Law Enforcement Launches Operation Protect Our Pack
The leaders of three local law enforcement agencies announced today the creation of a crime suppression partnership focused on driving criminal activity — including the sale of marijuana and associated crimes — from apartment neighborhoods near the University of West Georgia campus.
The partnership – which includes the Carrollton Police Department, the Carroll County Sheriff’s Office and university police – demonstrates a proactive commitment to the safety of residents, including students, in those neighborhoods and surrounding areas.
“While the data shows our campus to be among the safest in Georgia, no crime is acceptable,” UWG Interim Police Chief Ned Watson said. “We stand strong in our zerotolerance policy against any criminal activity on or near university property. We have reached out to our law enforcement colleagues to help us carry out that policy and they have turned out in force.”
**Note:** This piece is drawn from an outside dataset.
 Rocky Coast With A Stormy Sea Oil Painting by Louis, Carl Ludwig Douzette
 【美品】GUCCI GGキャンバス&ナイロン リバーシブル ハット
Called Operation Protect Our Pack, the partnership includes coordinated surveillance and investigation of activity in the neighborhoods, as well as periodic drug sweeps. The operation is underway and will continue indefinitely.
To better coordinate efforts, Carrollton and university police each temporarily has assigned an officer to the other department, with a senior Carrollton officer serving as UWG’s deputy police chief during the operation.
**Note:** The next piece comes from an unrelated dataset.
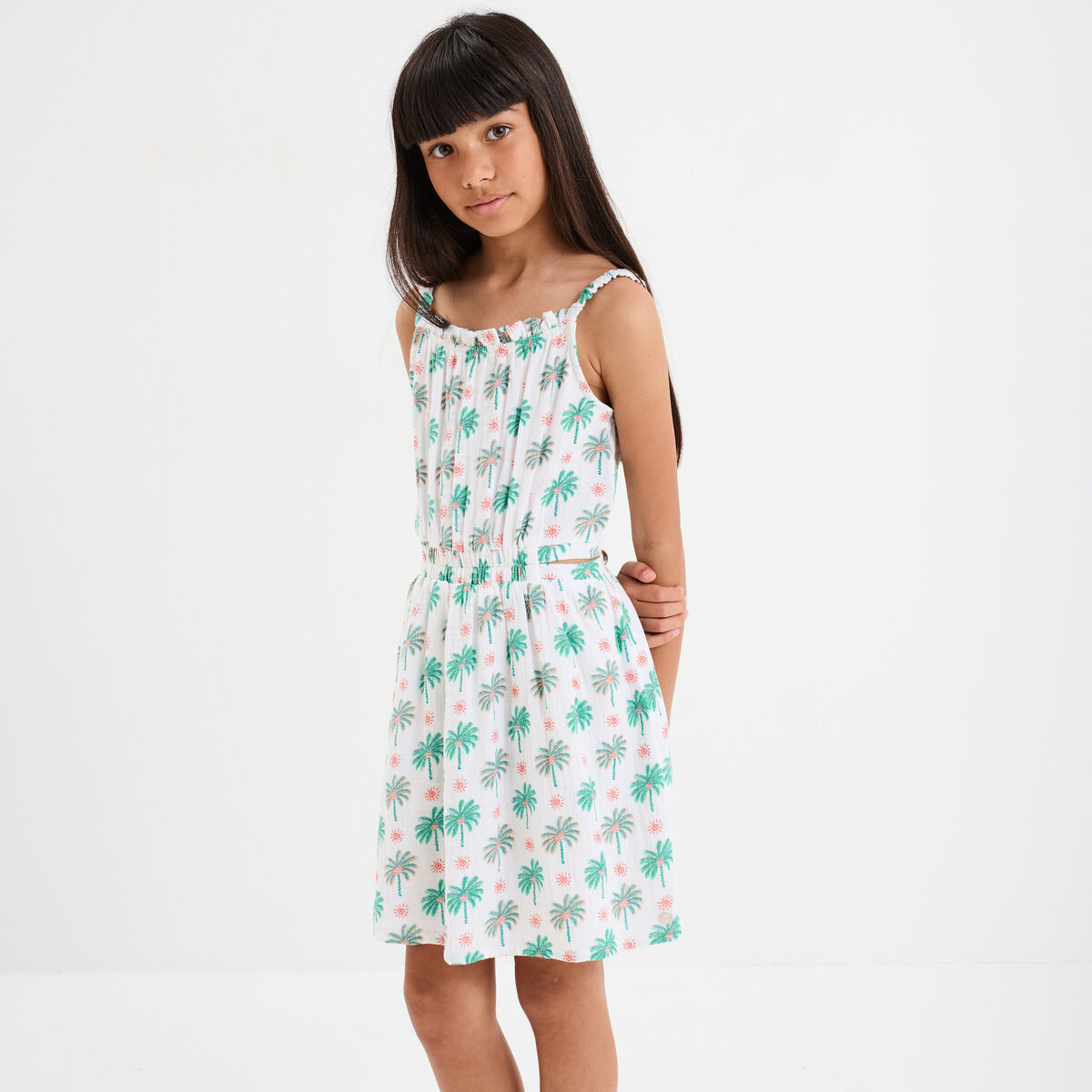 Robe &agrave; bretelles en gaze de coton ecru fille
“This is a unified operation from every sense,” said Carrollton Police Chief Joel Richards. “While we have had mutual aid agreements in place for some time, this is the first time we have come together like this. That shows how serious we are.”
“Dealers are coming from outside areas to conduct their business,” Richards said. “Not only are they dealing, but, with money involved, they are committing other crimes in the process.”
“That’s why joint efforts like this are so important,” said Carroll County Sheriff Terry Langley. “One department may have information or resources that benefit the others. There really is strength in our numbers.”
Law enforcement experts say crackdowns like the local one reduce crime in two ways. They increase the certainty offenders will be caught and punished. At the same time, crackdowns act as a deterrent to possible subsequent crimes by sending a clear message to offenders that this type of criminal activity will not be tolerated in our community.
Research shows drug sweeps not only create short-term reductions in criminal activity, but they usually lead to longer-term decreases. Often, they cause the numbers of other crimes to drop as well.